▸ **Material supplied**:
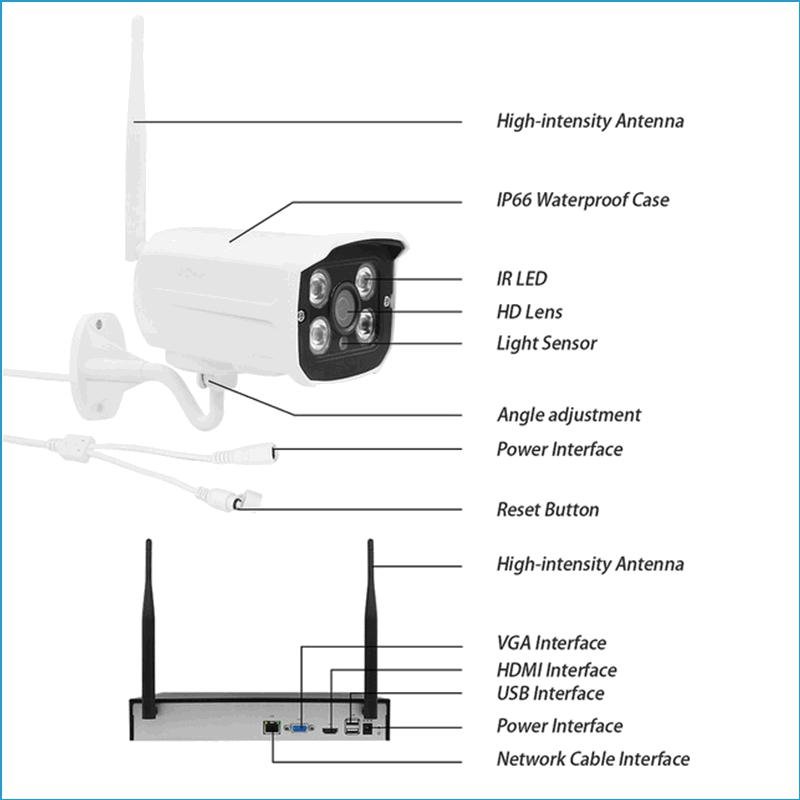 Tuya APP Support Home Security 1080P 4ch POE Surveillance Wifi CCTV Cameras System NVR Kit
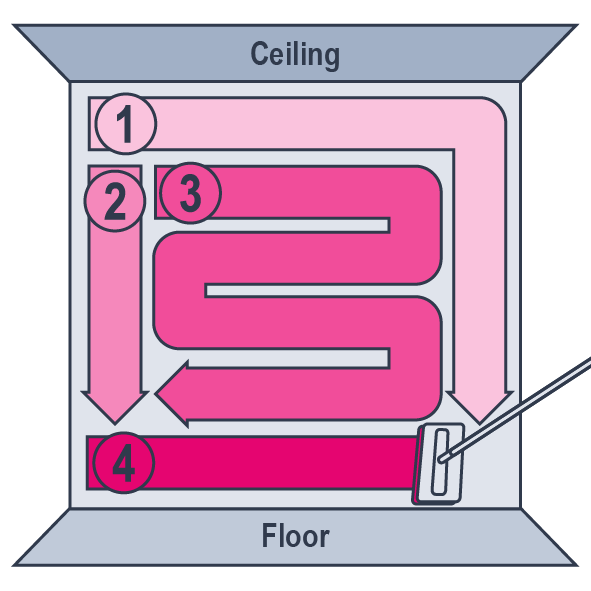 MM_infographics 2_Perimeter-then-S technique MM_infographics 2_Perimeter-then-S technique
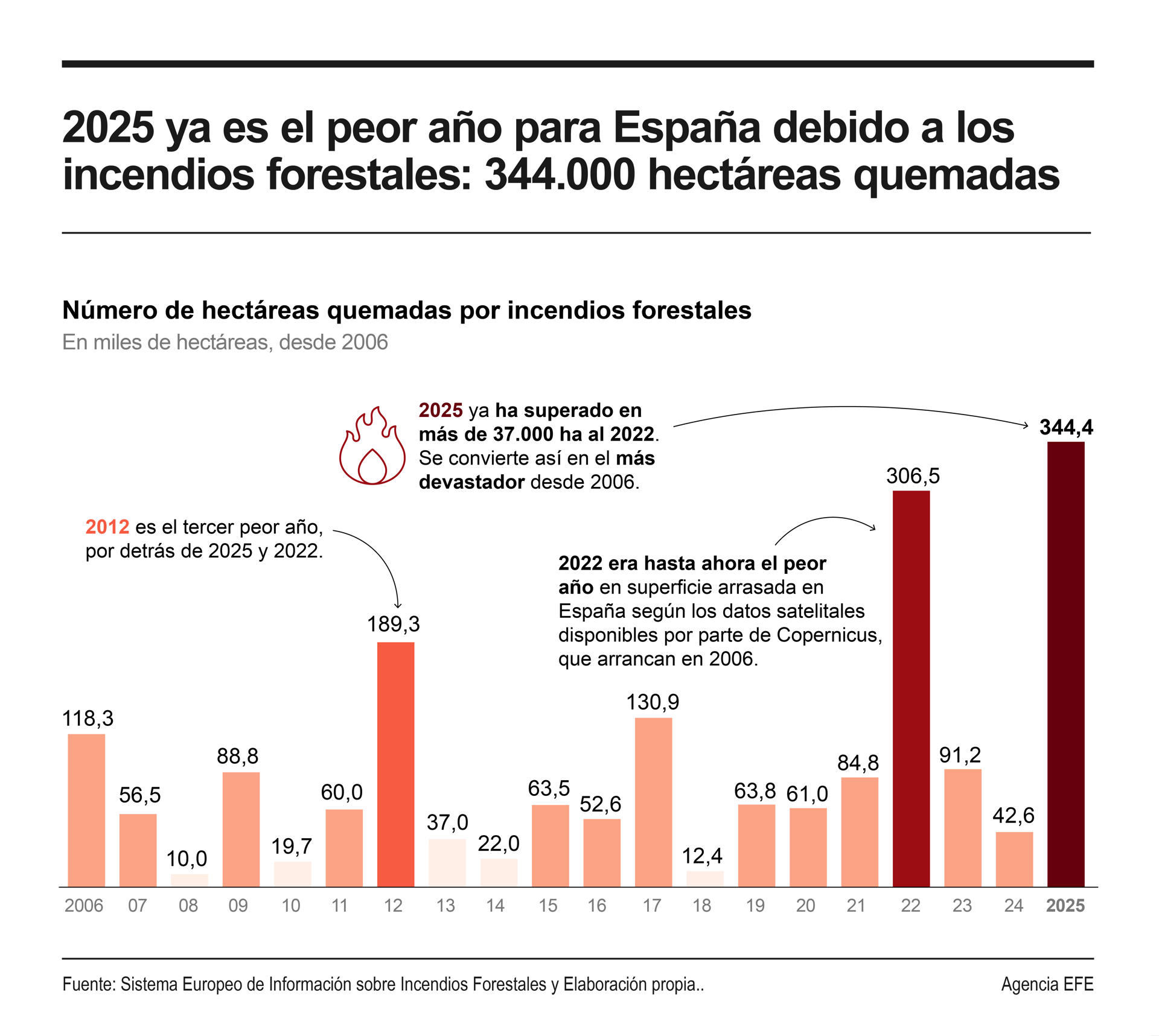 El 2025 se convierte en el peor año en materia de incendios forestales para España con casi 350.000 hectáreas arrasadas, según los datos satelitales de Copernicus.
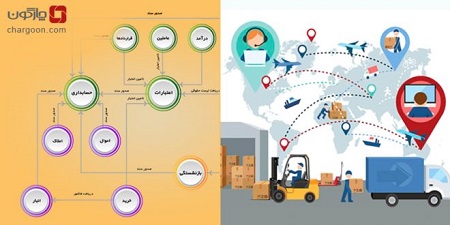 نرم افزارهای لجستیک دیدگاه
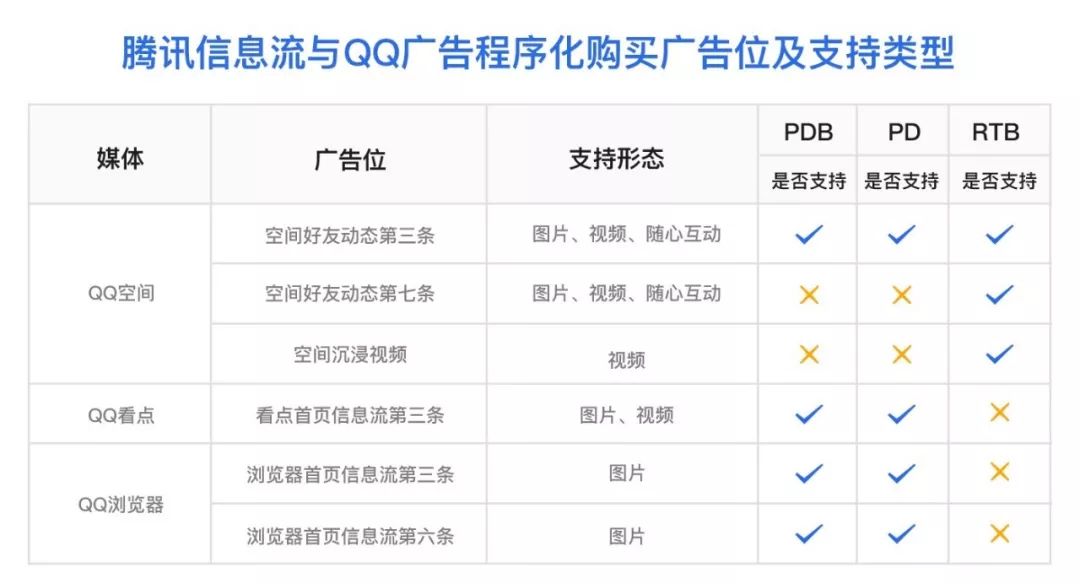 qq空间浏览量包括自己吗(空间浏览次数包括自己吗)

---

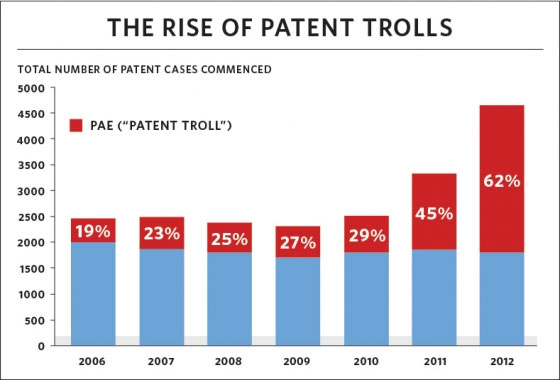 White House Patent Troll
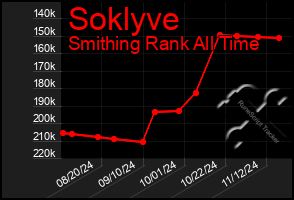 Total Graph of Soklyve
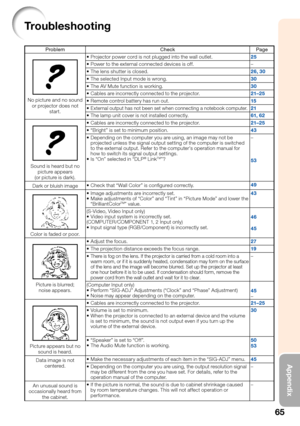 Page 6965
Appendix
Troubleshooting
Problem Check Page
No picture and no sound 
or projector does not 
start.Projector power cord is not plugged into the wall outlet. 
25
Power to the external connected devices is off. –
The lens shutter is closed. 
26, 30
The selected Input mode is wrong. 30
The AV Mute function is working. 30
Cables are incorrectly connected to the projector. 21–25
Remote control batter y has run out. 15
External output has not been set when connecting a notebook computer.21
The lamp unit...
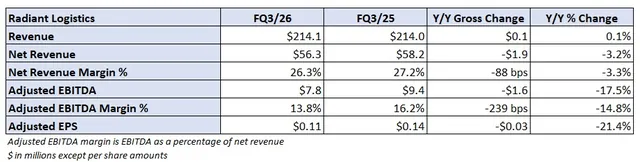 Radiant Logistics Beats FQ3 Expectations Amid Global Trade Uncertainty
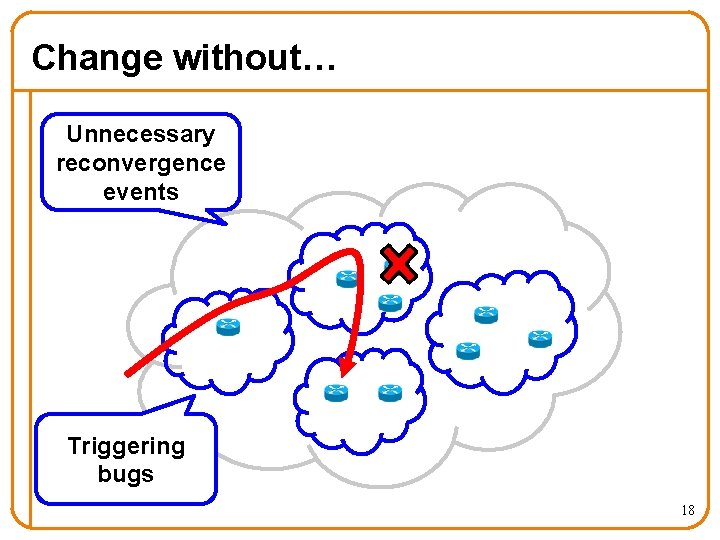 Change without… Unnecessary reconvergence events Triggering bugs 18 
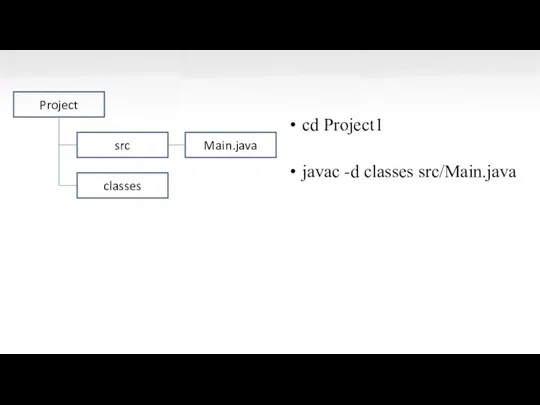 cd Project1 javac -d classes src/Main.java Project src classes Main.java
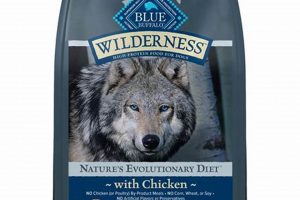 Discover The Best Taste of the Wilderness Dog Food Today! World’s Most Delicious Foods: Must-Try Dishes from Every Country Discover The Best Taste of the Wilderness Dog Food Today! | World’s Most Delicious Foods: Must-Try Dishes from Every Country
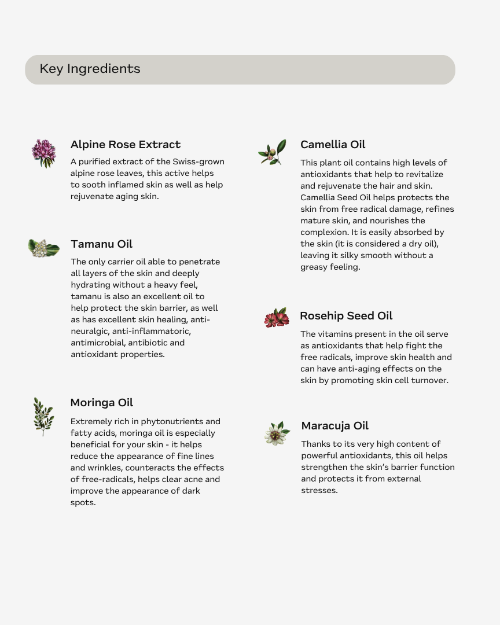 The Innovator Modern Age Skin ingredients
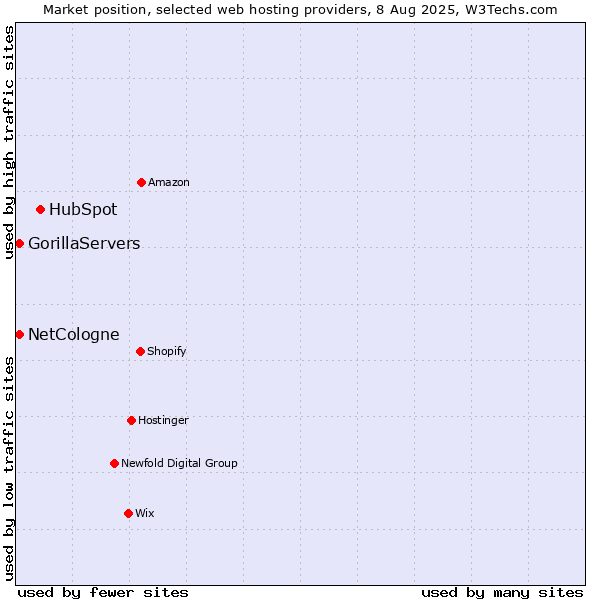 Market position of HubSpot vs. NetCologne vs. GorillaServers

▸ **Brief**: Between and including the line above that contains "Tuya APP Support" and the line that contains "qq空间浏览量包括自己吗(空间浏览次数包括自己吗)", restate every line word for word. Pictures stay out.

▸ **Written response**:
 Tuya APP Support Home Security 1080P 4ch POE Surveillance Wifi CCTV Cameras System NVR Kit
 MM_infographics 2_Perimeter-then-S technique MM_infographics 2_Perimeter-then-S technique
 El 2025 se convierte en el peor año en materia de incendios forestales para España con casi 350.000 hectáreas arrasadas, según los datos satelitales de Copernicus.
 نرم افزارهای لجستیک دیدگاه
 qq空间浏览量包括自己吗(空间浏览次数包括自己吗)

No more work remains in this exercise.